Jay argues that Asterisk has not crossed the proverbial chasm for developers and outlines some of the issues he sees.
What is perhaps most interesting about Jay's post is the equally lengthy response by Asterisk creator Mark Spencer. Mark responds to Jay's various points and in doing so provides some good insight into his views on Asterisk's connections to developers, APIs, etc., as well as the differences between the markets that Digium, the company, goes after versus the "market" of Asterisk, the raw telephony platform.
Both Jay's article and Mark's response are definitely worth reading. I'm friends now with both of them and they both bring immense passion and energy to the world of open source telephony. Ultimately they both make the point that we need better tools for developers to create voice applications. This kind of dialogue is great and will only result in better tools in the end. Please do check out the posts.
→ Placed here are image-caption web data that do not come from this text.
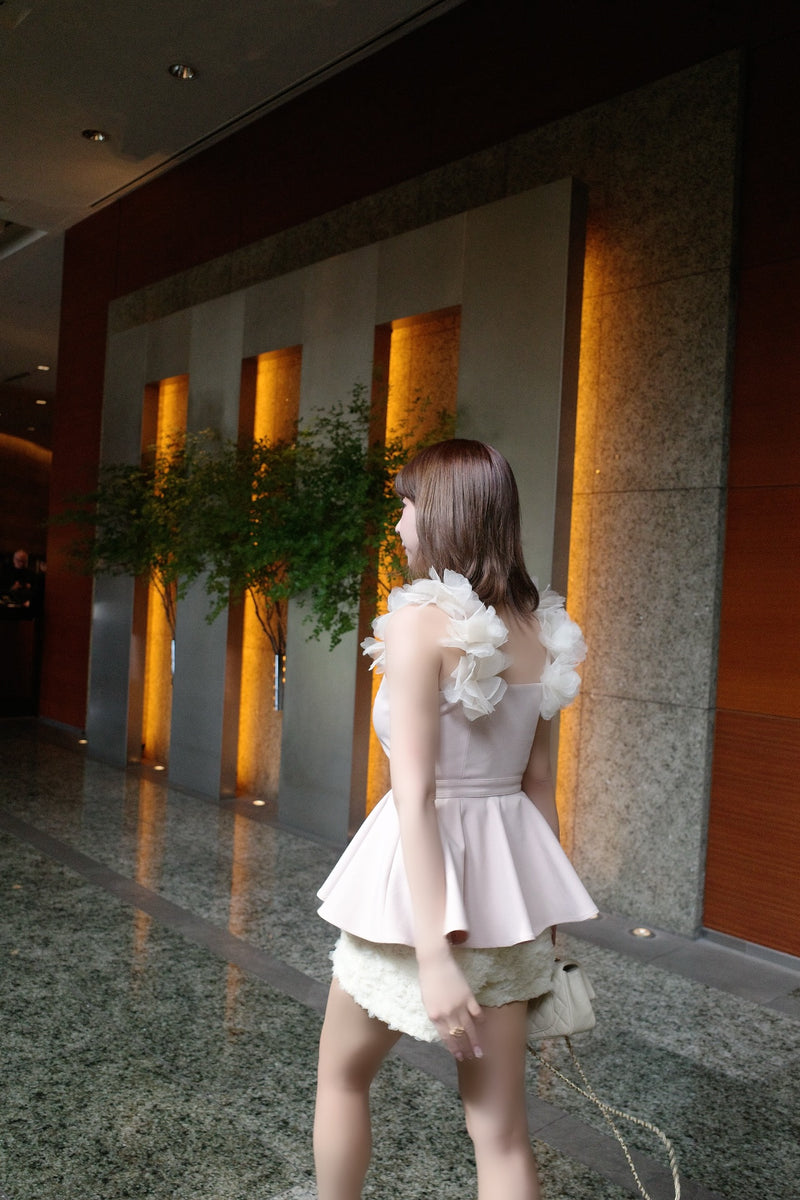 3D-Flower Strap Peplum Tunic
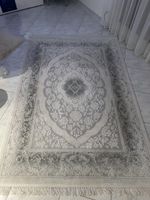 Gepflegter Teppich, Grau/Silber Design, Top Zustand!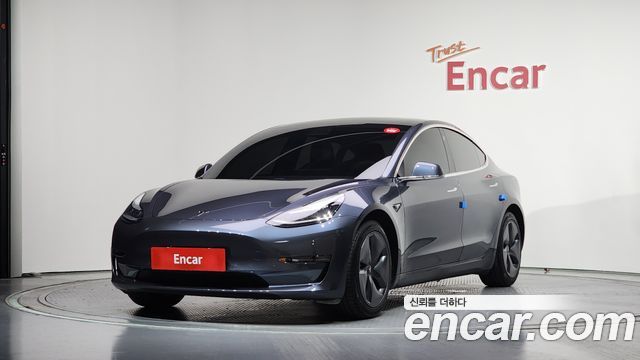 Tesla Model 3 2020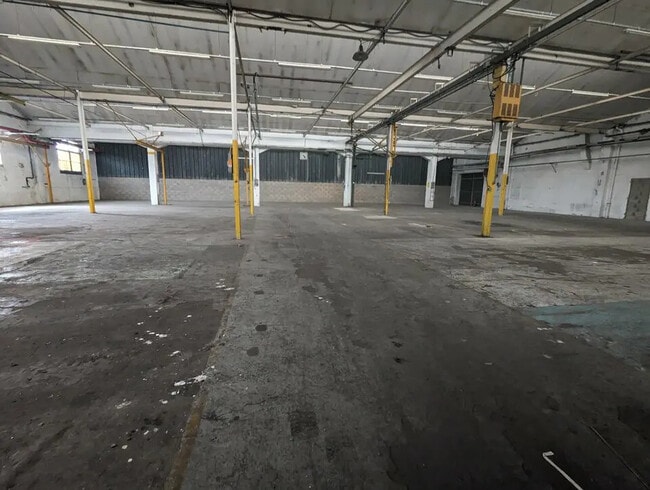 Plus de détails pour Industriel/Logistique à louer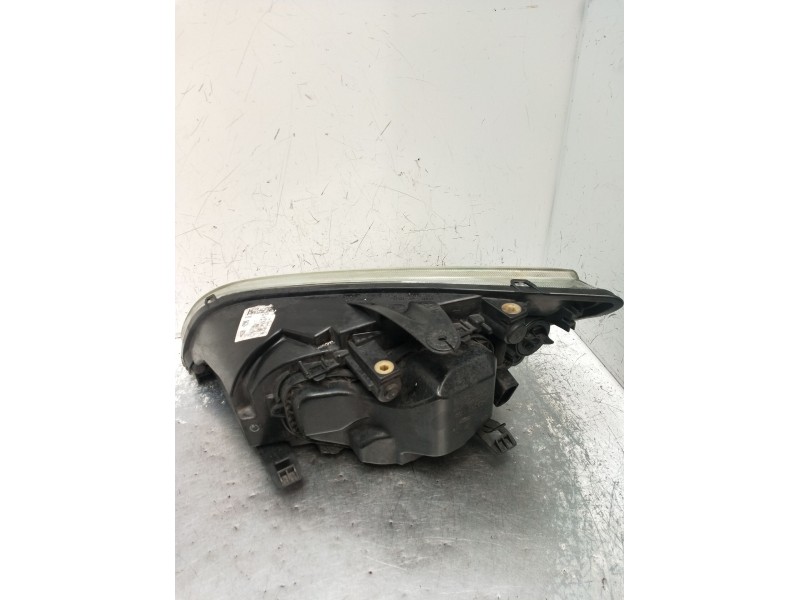 Recambio de faro derecho para ford focus ii (da_, hcp, dp) 1.8 tdci referencia OEM IAM   2005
P.S. Thomas Howe has also weighed in with a post saying this is a clash in world views, which also makes for good reading. I agree with Thomas that we are in a transition into a world of "web-as-a-platform"... basically a transition "into the cloud"... and so we do need "web-centric" interfaces and APIs. But I disagree with Thomas that Asterisk is "tired". To me, Asterisk is just... well... "plumbing". Asterisk is a telephony platform, as is FreeSWITCH... as is Yate... as are all the commercial IP-PBXs. Asterisk is an open source component of the rewiring of our communication infrastructure that we have underway right now. I think anyone, including Mark, would agree that Asterisk has technical challenges it needs to overcome but I, for one, am not ready to write it off yet.